Testing can be automated or manual based on the complexity of the delivered user story. The primary tasks of the agile testers include:
a. Exploratory Testing
As a part of agile testing, exploratory testing is given precedence. This is a type of testing where tester’s creativity and experience are relied upon more than those pre-defined test cases.
b. Regression Testing
This type of testing is conducted whenever a new change is iterated through a user story. Regression testing helps verify that the newly added user stories do not affect the software’s overall functionality.
Comprehensive test reports are built at the end of every sprint and communicated back to the developers. Testers can then discuss the bugs over daily stand-ups so that the tester’s perspective can be understood. The developers then create a backlog and rework on the user stories to address the issues that exist.

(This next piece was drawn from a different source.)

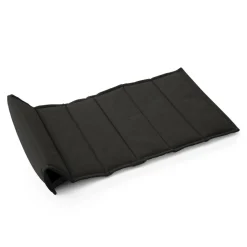 &Tradition Ville AV44/AV45 Outdoor Sitzkissen| Outdoor-Textilien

There are other software testing techniques too that come under the tester’s umbrella. Here are the four quadrants of agile testing, as introduced by Brian Marick.
Once all the user stories are developed and tested, the product is launched in the market. But, this does not imply the end of the software development process. In agile methodology, creating software is an ongoing process that continues throughout the lifetime of the software.
Whether it is the user feedback or the newer and innovative features, the product should continue to evolve. The need is to adopt a product mindset over a project mindset, i.e., product management continues throughout the lifetime of the software.
Deployment generally includes:
a. Launching MVPs
Building a minimum viable product (MVP) means launching a basic version of the software that includes limited features and addresses the customers’ pain points. The MVP is launched in the market so that the users can use the software and provide feedback. This feedback, in turn, becomes the basis for further iterations.
b. Launching Full-Scale Software
Once the user stories are accommodated, testing is completed, and the changes are iterated through – software is ready for launch. And, the following activities of sales & marketing should be planned for.
Maintenance, on the other hand, implies that the software should be updated from time to time. Such updates should fix bugs and integrate new technologies to stay relevant and valuable.
The developers’ responsibility should be to maintain a minimal amount of cruft, i.e., the unwanted parts of the code that add to its complexity. The lesser is the cruft – the easier it is to maintain the software through its lifetime.
The various types of maintenance include:
a. Corrective Maintenance
Corrective maintenance means that the existing bugs are removed from the software to improve its performance. These errors come to light, generally, through user reviews. This type of maintenance requires the development team to run the coding and testing activities over time-boxed sprints.
b. Perfective Maintenance
New user stories keep evolving from time to time. And, to stay relevant and valuable, the software needs to be updated to accommodate these changes. This is perfective maintenance, which again requires the development team to iterate through the time-boxed spring cycles to ensure quality delivery.
A predetermined software development process is imperative to create software that would end up being a product-market fit. Building software is a journey with various milestones over an A to B journey.
Winning organizations tackle the challenges of the software development process and embrace change at a holistic level. The process starts with requirement analysis, design, coding, testing, deployment, and maintenance. But, it is collaboration and cross-functional setup that ensures software success down the line.
The overall idea is to meet customer expectations by addressing the deficiencies in the software development process.